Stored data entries
Segment Open

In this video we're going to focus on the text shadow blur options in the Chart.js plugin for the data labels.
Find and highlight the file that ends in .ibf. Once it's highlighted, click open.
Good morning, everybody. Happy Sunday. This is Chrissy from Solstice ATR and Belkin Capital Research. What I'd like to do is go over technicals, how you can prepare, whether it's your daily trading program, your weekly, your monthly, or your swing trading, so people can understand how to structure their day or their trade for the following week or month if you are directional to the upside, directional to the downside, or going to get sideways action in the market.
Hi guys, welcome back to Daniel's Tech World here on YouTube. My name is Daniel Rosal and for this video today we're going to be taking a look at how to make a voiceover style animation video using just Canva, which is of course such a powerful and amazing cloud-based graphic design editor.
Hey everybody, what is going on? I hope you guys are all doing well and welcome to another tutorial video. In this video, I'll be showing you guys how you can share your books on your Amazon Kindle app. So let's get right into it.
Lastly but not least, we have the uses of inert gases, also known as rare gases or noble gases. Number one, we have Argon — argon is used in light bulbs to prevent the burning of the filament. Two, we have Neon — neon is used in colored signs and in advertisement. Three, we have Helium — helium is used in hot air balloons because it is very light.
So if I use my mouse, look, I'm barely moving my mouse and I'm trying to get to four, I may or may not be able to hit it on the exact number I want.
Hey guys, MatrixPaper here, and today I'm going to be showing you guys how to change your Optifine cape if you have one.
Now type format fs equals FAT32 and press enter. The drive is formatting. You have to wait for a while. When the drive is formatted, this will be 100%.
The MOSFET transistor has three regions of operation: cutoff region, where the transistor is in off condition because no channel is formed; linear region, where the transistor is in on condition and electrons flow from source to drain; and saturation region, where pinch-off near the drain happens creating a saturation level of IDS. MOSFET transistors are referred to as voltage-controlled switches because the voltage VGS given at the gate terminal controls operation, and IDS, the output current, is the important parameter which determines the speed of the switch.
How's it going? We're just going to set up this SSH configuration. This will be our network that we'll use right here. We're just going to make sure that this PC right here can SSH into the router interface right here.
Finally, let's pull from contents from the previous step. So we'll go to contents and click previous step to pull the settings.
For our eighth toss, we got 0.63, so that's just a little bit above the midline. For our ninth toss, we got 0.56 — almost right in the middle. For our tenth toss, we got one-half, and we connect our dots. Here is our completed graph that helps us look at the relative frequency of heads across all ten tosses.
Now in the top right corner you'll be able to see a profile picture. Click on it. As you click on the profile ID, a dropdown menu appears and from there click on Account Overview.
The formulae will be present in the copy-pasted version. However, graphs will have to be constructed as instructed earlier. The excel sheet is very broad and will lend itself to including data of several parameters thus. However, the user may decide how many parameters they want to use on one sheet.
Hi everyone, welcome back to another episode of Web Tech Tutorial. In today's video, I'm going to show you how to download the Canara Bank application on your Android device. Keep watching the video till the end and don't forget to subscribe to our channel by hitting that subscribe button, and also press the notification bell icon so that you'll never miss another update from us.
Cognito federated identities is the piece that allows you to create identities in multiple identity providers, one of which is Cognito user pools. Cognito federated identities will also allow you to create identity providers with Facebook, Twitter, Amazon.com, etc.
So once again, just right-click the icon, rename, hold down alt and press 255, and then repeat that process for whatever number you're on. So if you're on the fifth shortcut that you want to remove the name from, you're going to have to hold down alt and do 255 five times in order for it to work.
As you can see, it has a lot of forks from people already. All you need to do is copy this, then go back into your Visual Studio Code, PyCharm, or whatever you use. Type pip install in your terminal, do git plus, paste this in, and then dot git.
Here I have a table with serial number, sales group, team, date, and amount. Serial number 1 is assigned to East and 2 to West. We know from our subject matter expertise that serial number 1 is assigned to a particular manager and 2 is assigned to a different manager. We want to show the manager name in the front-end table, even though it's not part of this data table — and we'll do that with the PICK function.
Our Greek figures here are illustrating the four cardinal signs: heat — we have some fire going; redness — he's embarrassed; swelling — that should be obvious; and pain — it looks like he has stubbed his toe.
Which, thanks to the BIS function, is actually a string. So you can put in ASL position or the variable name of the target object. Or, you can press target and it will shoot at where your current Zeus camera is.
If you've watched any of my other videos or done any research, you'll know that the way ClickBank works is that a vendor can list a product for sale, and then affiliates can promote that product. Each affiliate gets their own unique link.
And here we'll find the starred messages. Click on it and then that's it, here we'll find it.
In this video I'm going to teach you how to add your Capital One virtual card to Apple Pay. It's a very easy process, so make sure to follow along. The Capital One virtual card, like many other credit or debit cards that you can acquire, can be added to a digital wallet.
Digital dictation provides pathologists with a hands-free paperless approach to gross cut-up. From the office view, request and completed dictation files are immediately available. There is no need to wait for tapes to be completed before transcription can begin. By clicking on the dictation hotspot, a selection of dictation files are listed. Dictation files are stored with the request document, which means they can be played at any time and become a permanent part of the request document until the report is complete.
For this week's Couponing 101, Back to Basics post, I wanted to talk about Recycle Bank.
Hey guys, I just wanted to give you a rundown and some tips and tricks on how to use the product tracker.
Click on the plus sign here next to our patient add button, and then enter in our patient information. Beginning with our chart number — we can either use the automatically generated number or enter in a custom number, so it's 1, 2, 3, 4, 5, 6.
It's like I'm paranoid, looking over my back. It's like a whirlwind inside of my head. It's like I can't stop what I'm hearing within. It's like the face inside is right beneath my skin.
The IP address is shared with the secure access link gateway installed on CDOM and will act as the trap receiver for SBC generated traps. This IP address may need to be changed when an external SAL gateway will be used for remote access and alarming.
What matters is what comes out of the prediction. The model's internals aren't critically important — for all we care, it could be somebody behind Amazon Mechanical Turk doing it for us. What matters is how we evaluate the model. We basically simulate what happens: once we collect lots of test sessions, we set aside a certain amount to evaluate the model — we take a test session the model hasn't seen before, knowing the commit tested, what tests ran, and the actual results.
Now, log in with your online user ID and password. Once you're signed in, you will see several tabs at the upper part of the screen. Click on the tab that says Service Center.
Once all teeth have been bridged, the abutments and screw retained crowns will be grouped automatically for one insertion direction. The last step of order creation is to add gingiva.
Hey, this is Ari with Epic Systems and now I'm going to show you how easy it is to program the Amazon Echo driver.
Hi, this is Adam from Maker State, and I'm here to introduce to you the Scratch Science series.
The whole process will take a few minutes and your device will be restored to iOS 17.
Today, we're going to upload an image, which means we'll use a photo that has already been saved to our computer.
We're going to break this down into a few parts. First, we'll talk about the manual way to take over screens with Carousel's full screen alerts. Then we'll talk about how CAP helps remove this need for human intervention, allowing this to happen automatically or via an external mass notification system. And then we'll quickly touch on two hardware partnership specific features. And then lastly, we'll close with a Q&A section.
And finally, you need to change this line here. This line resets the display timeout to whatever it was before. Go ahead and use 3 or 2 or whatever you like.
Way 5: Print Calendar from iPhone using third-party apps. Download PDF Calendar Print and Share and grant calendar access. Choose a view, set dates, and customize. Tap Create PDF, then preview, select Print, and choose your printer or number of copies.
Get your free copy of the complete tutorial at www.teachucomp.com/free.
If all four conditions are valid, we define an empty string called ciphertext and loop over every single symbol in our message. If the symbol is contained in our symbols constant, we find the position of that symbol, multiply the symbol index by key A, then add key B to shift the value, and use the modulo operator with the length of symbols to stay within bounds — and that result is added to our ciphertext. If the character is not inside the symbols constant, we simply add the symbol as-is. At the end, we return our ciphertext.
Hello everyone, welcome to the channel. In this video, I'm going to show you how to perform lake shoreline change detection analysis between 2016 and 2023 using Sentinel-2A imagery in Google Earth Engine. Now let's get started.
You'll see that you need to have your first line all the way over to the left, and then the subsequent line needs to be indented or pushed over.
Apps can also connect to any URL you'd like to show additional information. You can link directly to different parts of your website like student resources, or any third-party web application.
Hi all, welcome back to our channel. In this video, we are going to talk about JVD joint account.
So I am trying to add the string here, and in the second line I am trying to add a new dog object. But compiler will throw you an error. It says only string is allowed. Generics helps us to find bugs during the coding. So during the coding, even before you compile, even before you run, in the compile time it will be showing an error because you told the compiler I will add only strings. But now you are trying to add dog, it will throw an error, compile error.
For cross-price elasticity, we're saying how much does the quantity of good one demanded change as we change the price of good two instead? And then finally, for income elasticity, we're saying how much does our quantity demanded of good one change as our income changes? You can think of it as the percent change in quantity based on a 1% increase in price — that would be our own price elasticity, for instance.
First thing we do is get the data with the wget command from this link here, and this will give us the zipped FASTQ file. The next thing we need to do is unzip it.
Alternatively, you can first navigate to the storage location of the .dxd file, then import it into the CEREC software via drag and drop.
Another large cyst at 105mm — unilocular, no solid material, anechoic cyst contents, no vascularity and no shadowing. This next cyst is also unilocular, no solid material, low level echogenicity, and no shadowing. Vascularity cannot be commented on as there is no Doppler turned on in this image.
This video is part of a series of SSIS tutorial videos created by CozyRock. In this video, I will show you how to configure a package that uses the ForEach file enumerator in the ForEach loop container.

Segment Closed

▸ **Task objective**
Return, exactly as they stand, the lines from the start of the records above through the line with "Now type format", both ends included, and no other lines.

▸ **Exercise output**
In this video we're going to focus on the text shadow blur options in the Chart.js plugin for the data labels.
Find and highlight the file that ends in .ibf. Once it's highlighted, click open.
Good morning, everybody. Happy Sunday. This is Chrissy from Solstice ATR and Belkin Capital Research. What I'd like to do is go over technicals, how you can prepare, whether it's your daily trading program, your weekly, your monthly, or your swing trading, so people can understand how to structure their day or their trade for the following week or month if you are directional to the upside, directional to the downside, or going to get sideways action in the market.
Hi guys, welcome back to Daniel's Tech World here on YouTube. My name is Daniel Rosal and for this video today we're going to be taking a look at how to make a voiceover style animation video using just Canva, which is of course such a powerful and amazing cloud-based graphic design editor.
Hey everybody, what is going on? I hope you guys are all doing well and welcome to another tutorial video. In this video, I'll be showing you guys how you can share your books on your Amazon Kindle app. So let's get right into it.
Lastly but not least, we have the uses of inert gases, also known as rare gases or noble gases. Number one, we have Argon — argon is used in light bulbs to prevent the burning of the filament. Two, we have Neon — neon is used in colored signs and in advertisement. Three, we have Helium — helium is used in hot air balloons because it is very light.
So if I use my mouse, look, I'm barely moving my mouse and I'm trying to get to four, I may or may not be able to hit it on the exact number I want.
Hey guys, MatrixPaper here, and today I'm going to be showing you guys how to change your Optifine cape if you have one.
Now type format fs equals FAT32 and press enter. The drive is formatting. You have to wait for a while. When the drive is formatted, this will be 100%.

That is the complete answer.